The limitations of this study are related to its retrospective nature. For example, grade scoring and pathological classification change during the study period. The prognostic value of grade scoring is not established for some particular histological sub-types (such as clear cell sarcoma, epithelioid sarcoma, angiosarcoma and so on). Moreover, the parameters used herein are the basic clinical variables. For other tumour types, more elaborate and sophisticated scores have been published, which integrate other parameters such as lymphocyte count, LDH level or albumin (Geraci et al, 2006; Kelly et al, 2007; Arkenau et al, 2008; Penel et al, 2008, 2009). These parameters were not available in a sufficiently large section of the STBSG cohorts and could not be explored in the present study. The additional value of these biological parameters should be evaluated. Furthermore, one could argue that the development of prognostic model for early death might be more relevant in patients failing first-line chemotherapy and candidates for second-line treatment. We plan this second analysis. Moreover, we ignore the precise cause of the death in both databases, especially the incidence of toxic death vs death caused by progressive disease.

Despite its subjective nature, estimation of general condition by PS remains one of the most powerful PF in advanced/metastatic STS patients. Nevertheless, PS is not suitable for disabled and/or patients who suffer with persistent pain, for example, patients treated with previous mutilating surgical procedure. There are several scales available for scoring PS: the WHO-PS scale, the ECOG-PS scale or the Karnofsky PS scale. These different scales can generate discrepancies for evaluation of PS. It is well known that physicians overestimate both PS and life expectancy (Parkes, 1972; Evans and McCarthy, 1985; Christakis and Lemont, 2000; Ando et al, 2001). Ando et al (2001) had demonstrated that nurses and patients themselves estimate more accurately the actual PS than physicians.
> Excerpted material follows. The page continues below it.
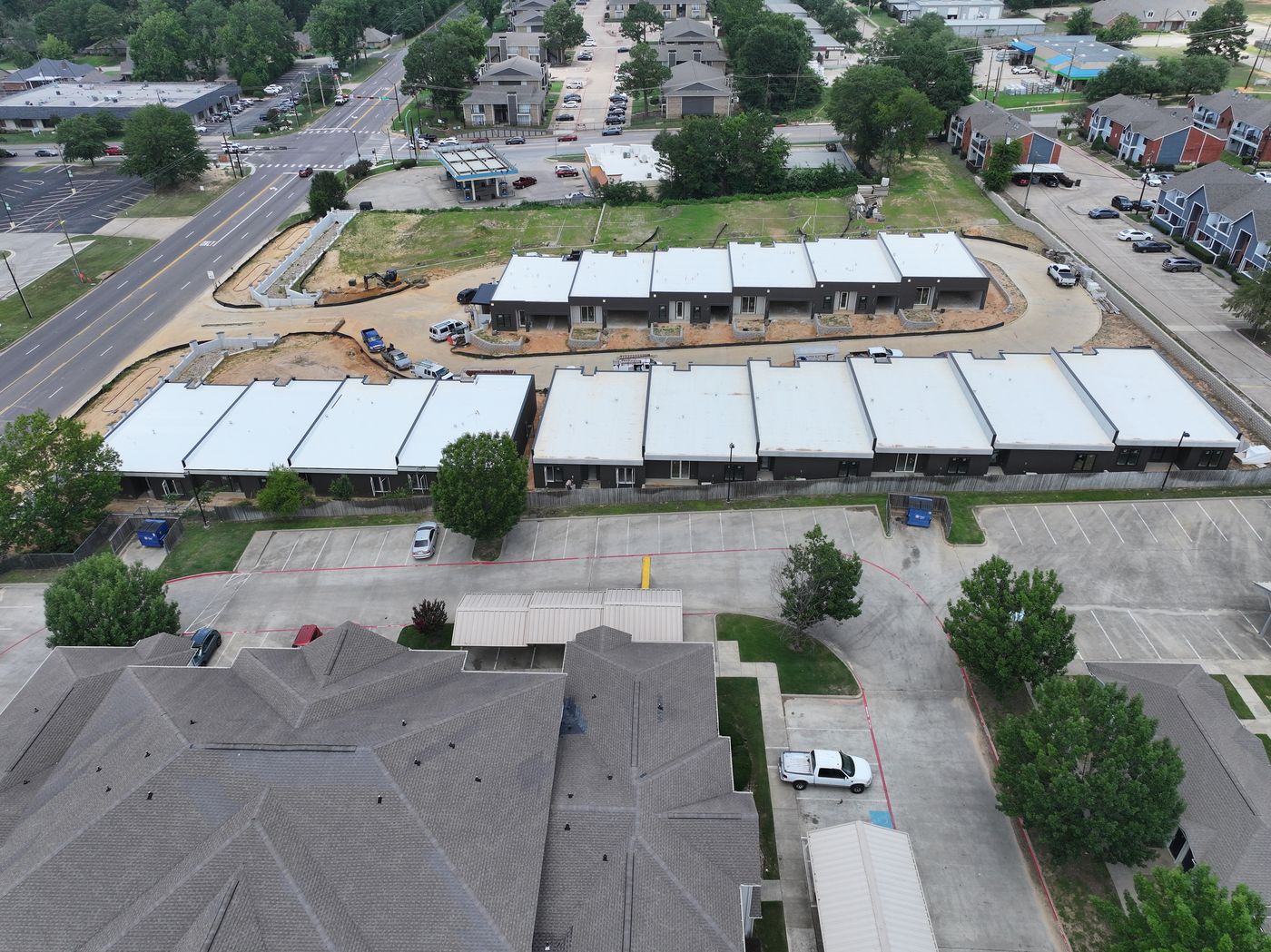 Aerial of a row of modern townhomes under construction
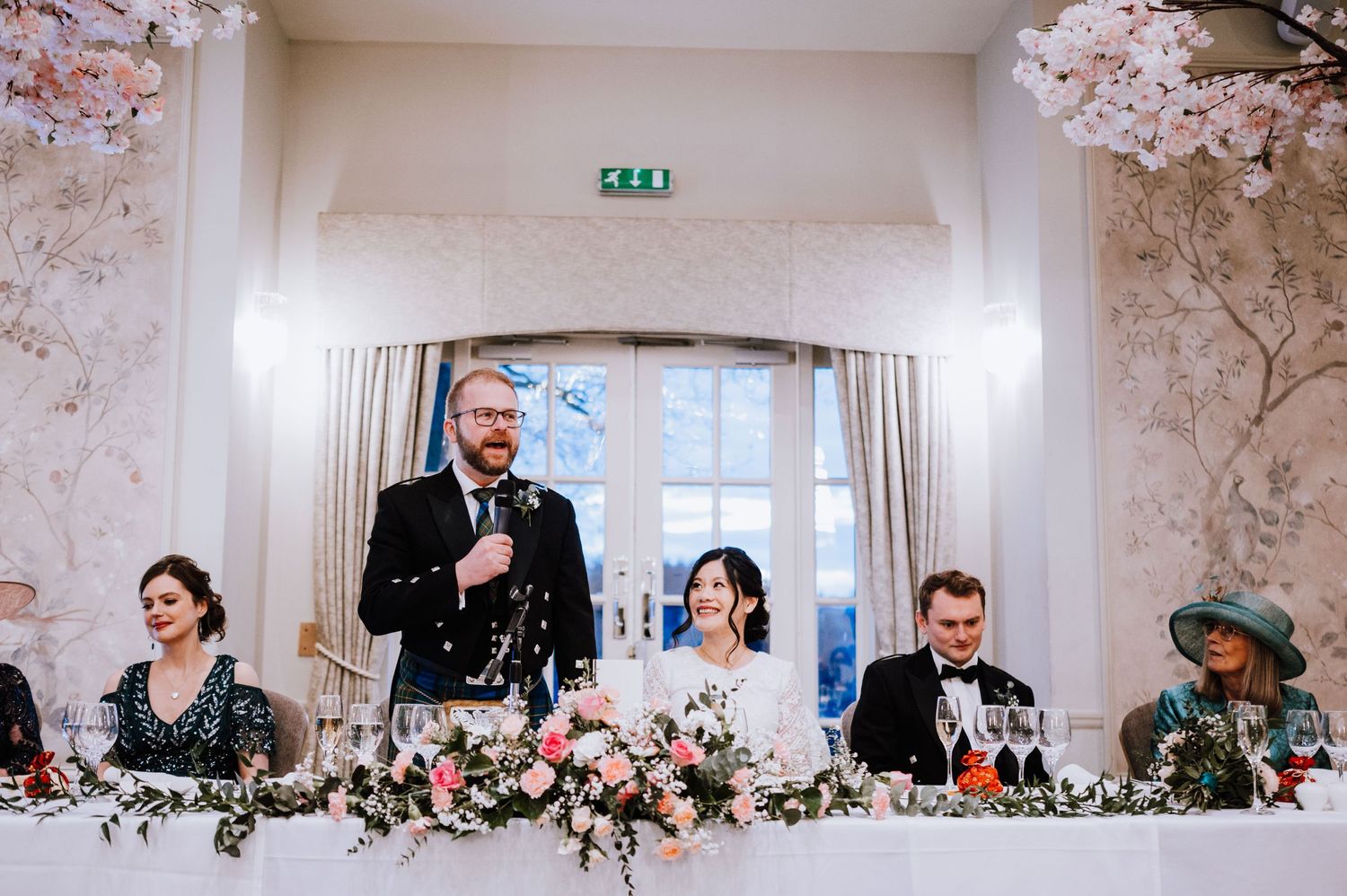 Wedding party seated at decorated head table with floral arrangements and Scottish attire.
Nevertheless, regarding its prognostic value, this variable has to be taken into account in future clinical trials, for example, as stratification factors at inclusion in randomised trials. For clinical decision making, both models developed are far from ideal. The probability of early death for a patient with PS 2 is 11–24% compared with 0–3% for those with PS=0 (Figure 1). In everyday practice, this does not imply that all patients with PS 2 should be denied palliative chemotherapy per se, but the high risk of an early death and the potential lack of benefit from treatment should be discussed with the patient before a decision is made to proceed with chemotherapy. Further studies are warranted to develop and validate more accurate prognostic models, if possible based on objectively measurable variables (such as biological parameters) and excluding PS.